The first sentence of the autobiography reads: "The cradle rocks above an abyss, and common sense tells us that our existence is but a brief crack of light between two eternities of darkness." The key words here are "common sense," and they need to be examined within the context of Nabokov's own lexicon. Now, it is clear from everything he wrote that he valued precision and uniqueness most highly. Thus, anything that is widespread, thought of as given or "common" becomes suspect when he seems to be appealing to it. There is more specific evidence of Nabokov's distaste for the notion of "common sense" as well. In the Foreword to Speak, Memory (p. 10) he mentions that the autobiography's opening chapter was first published in 1950. (The same beginning lines appear in all book variants of the chapter—Conclusive Evidence , the first version of the autobiography, and the revised Russian version Drugie berega [Other Shores, 1954]. The date Nabokov provides suggests a general chronological connection with the lecture "The Art of Literature and Commonsense," which was delivered at about the same time as the first chapter of the autobiography. In the lecture Nabokov quotes a standard dictionary definition of the term commonsense, and then goes on to redefine it with an unequivocally negative meaning: "Commonsense at its worst is sense made common, and so everything is comfortably cheapened by its touch"; "the biography of commonsense makes nasty reading"; "Commonsense has trampled down many a gentle genius whose eyes had delighted in a too early moonbeam of some too early truth.... commonsense has prompted ugly but strong nations to crush their fair but frail neighbors the moment a gap in history offered a chance that it would have been ridiculous not to exploit." By contrast, all the values Nabokov advocates in the lecture stem from his conception of the unique and the "irrational," qualities that are manifested by various select individuals—"the meek prophet, the enchanter in his cave, the indignant artist, the nonconforming little schoolboy" (p. 372.). When seen in Nabokov's own terms, therefore, the first sentence of Speak, Memory emerges as highly ironic, and suggests that the "commonsensical" view of life as being short ("a brief crack of light"), and without any issue into the realm of death ("between two eternities of darkness"), is simply wrong.

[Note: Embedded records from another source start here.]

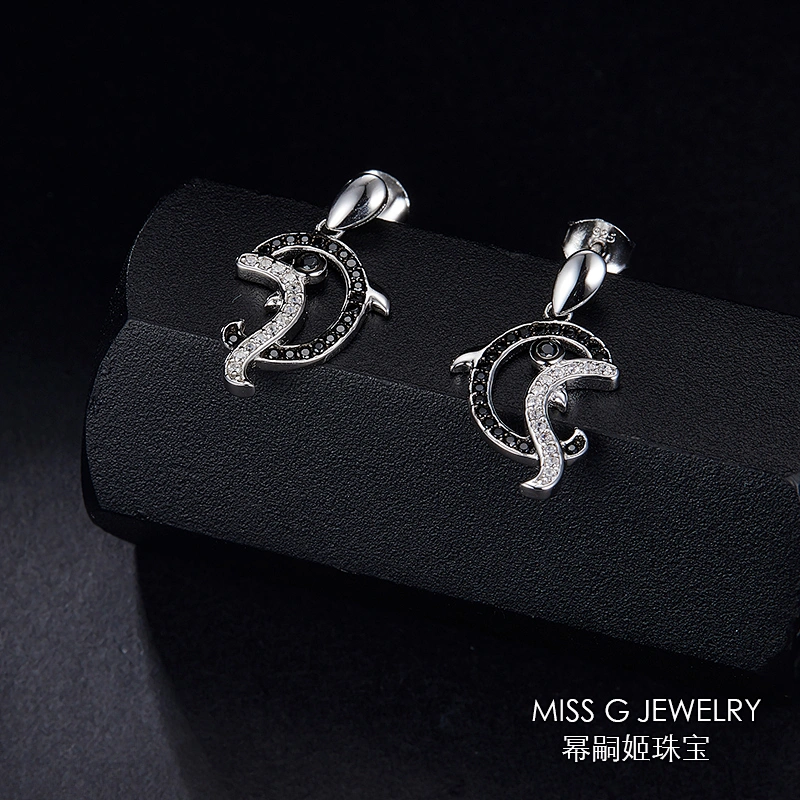 Animal Dolphin Earrings S925 Silver large jewelry factory,OEM/ODM Jewelry Trade processing customized,Wholesale jewelry manufacturer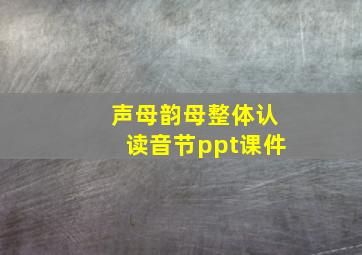 声母韵母整体认读音节ppt课件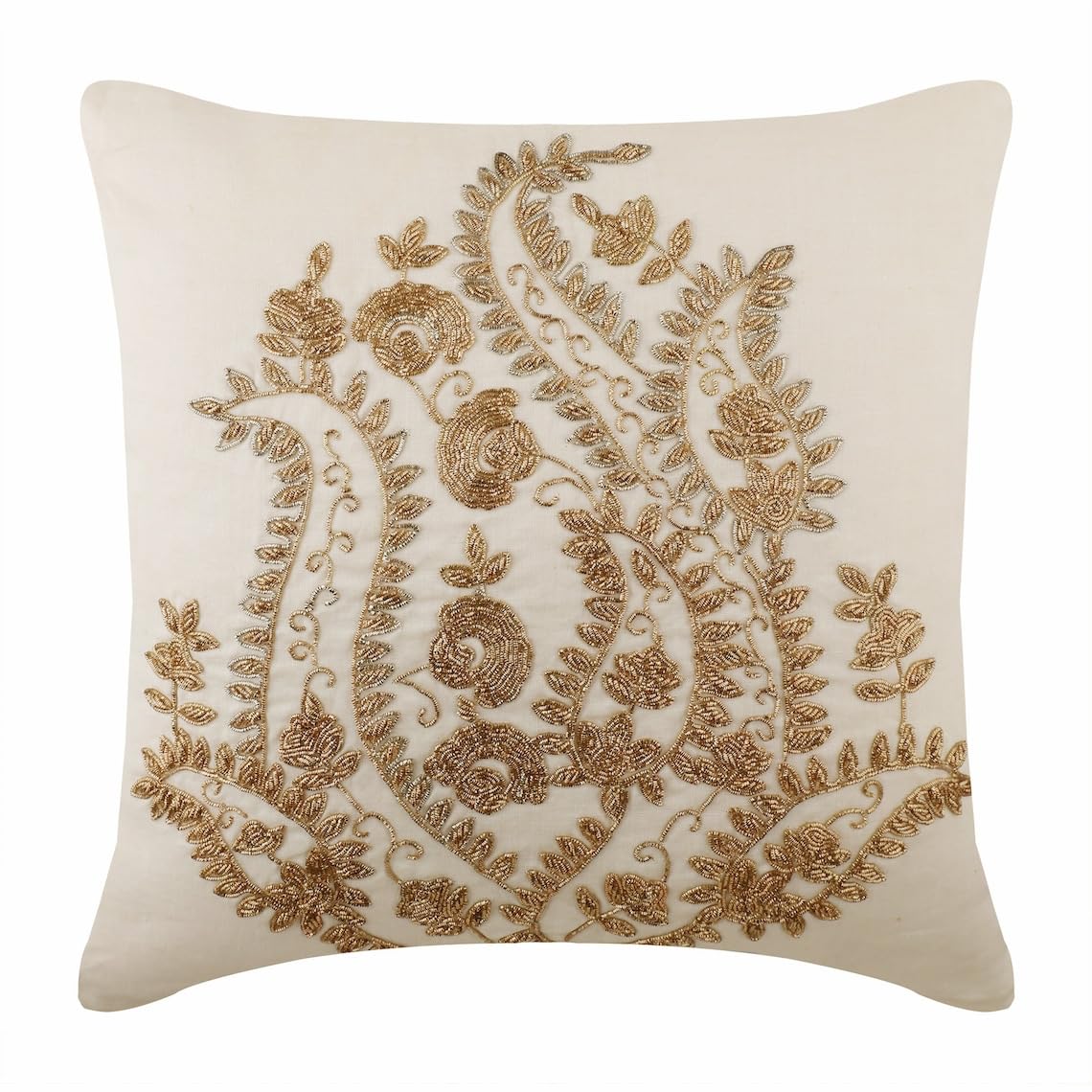 The HomeCentric White Throw Cushion Cover, Indian Paisley Traditional Cushion Cover, Throw Cushion Covers Pack of 2, 35x35 cm (14x14) Cotton Linen Cushioncase, Floral Contemporary- Gold Magical Garden โ image 1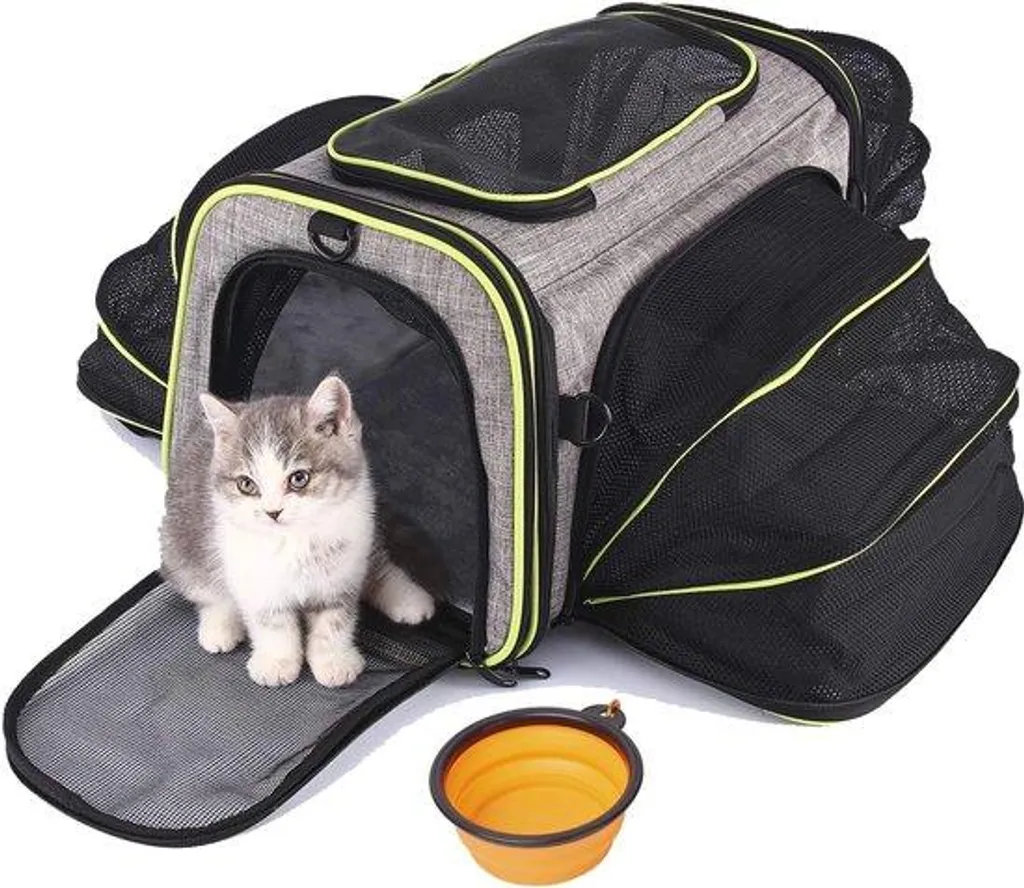 Sac de transport pliable respirant pour chien avec bandoulière confort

The next sentence, beginning "although the two [eternities of darkness] are identical twins," is also deceptive because the misleadingly authoritative "although" allows Nabokov to slip in a startling affirmation of something that he has not yet proven and that certainly cannot be taken for granted. Indeed, the remainder of the paragraph implies that the "abysses" preceding and following human life may not be quite as empty and foreboding as might seem. The primary vehicle for this oblique suggestion is the "young chronophobiac" whom Nabokov introduces and describes as being particularly unnerved by a home movie made several weeks before his birth because it shows a world from which he was absent. He is also upset by the baby carriage that appears in the film with the "encroaching air of a coffin"; it is empty, "as if, in the reverse course of events, [the chronophobiac's] very bones had disintegrated" (p. 19). Nabokov's deception in this passage lies in his concealing that the young man was mistaken to focus on the empty baby carriage and to regret that no one missed him prior to his birth. Obviously he had already existed in another form for some eight months before the film was made. Nabokov reinforces this idea by adding that the young man catches "a glimpse of his mother waving from an upstairs window" in the film, a significant detail that does not appear in either of the two earlier versions of the autobiography. Another inference suggested by this passage is that prenatal existence may not be exclusively physical in the familiar sense, because one is both present in the world and absent from it. And since we have been told that the abysses before and after life are "identical," we are left with the potential conclusion that just as man exists before birth, he may continue to exist in some form after death.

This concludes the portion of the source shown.